I honestly believe, 90% of your potential customers are going to look at this and say,
I have no idea how much this is going to cost me…
And just move on to something with a simpler, consumer friendly pricing scheme.
So, it looks like we’re on the same page. My pricing mock-up achieves exactly what you suggest: 38 “queries” per month for $20 as opposed to 40 “messages” per month at $20. I can do 40 messages per month, no problem.
The question, then, appears to be: How to present the concept in a less convoluted way?
I just want to be able to point out that that same $20 will buy more messages on a lesser model. I mean, somebody might be able to get by using Bronze (aka. gpt-3.5-turbo-16k), in which case they can get a whopping 384 messages for the same cost. For this particular dataset, I wouldn’t advise it, but it is nonetheless an option.

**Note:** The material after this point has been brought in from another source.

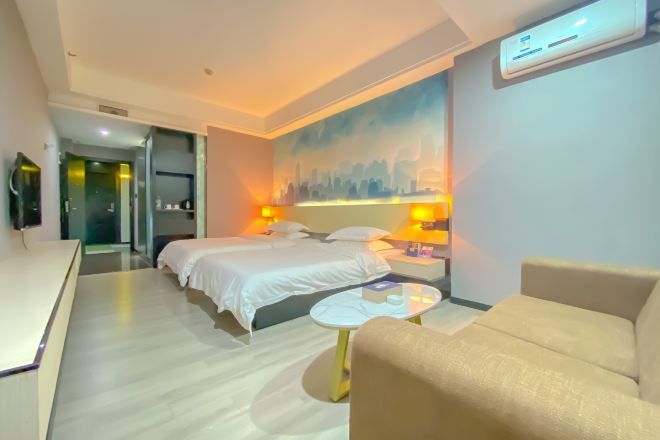 A hotel room with a bed, bedside tables, a desk, a chair, and a painting on the wall.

Or, as I think about it, perhaps the answer is two tiers: Simple and Convoluted. No, I’m serious.
Simple Plan = $20 a month, 40 messages.
Convoluted Pan = The pricing mockup above.
I’ll give it another name, but that’s the idea. Thank you, @elm. You may have just helped me to the next stage of figuring this out!
Additional services. User can (in addition to submitting questions and receiving responses via our website interface).:
query via email
query via sms
Ask questions and receive responses in English, Spanish, Chinese, Korean and more
keyword search documents
browse documents
export query history to csv file for future reference or model training
generate analytics on individual usage via text to sql
All that, in addition to getting conversational chat access to the most extensive library of documents on the niche subject available anywhere (that would include Lexis-Nexis and CaseText) with, so far, a 95% success rate on every exam (on it’s core subject matter) it’s taken.
If that ain’t enough, then they can go subscribe to one of those “Chat with your PDF” services listed earlier. Clearly not a customer I’m going to ever get under any circumstances.
Your basic tier should cover a worst case scenario of typical usage and have rate-limits to prevent taking damage. Simple consistent fee. If it’s not understandable within a minute then it’s a bad pricing model.
You can offer a pro tier which is much more nuanced.
My current working basic tier is $20/month for 40 messages (i.e., queries). That is at Gold (gpt-4) level. That should be pretty simple. In fine print I can add the total messages for same amount at the lesser levels.
I’ve already worked out what the average tokens per query are with my dataset, given myself a 100% markup and a buffer so that I’m pretty comfortable with the advertised rate. And, it’s actually tokens I’m counting, not “messages”, so the typical user is going to end up with more messages per month than the posted limits anyway.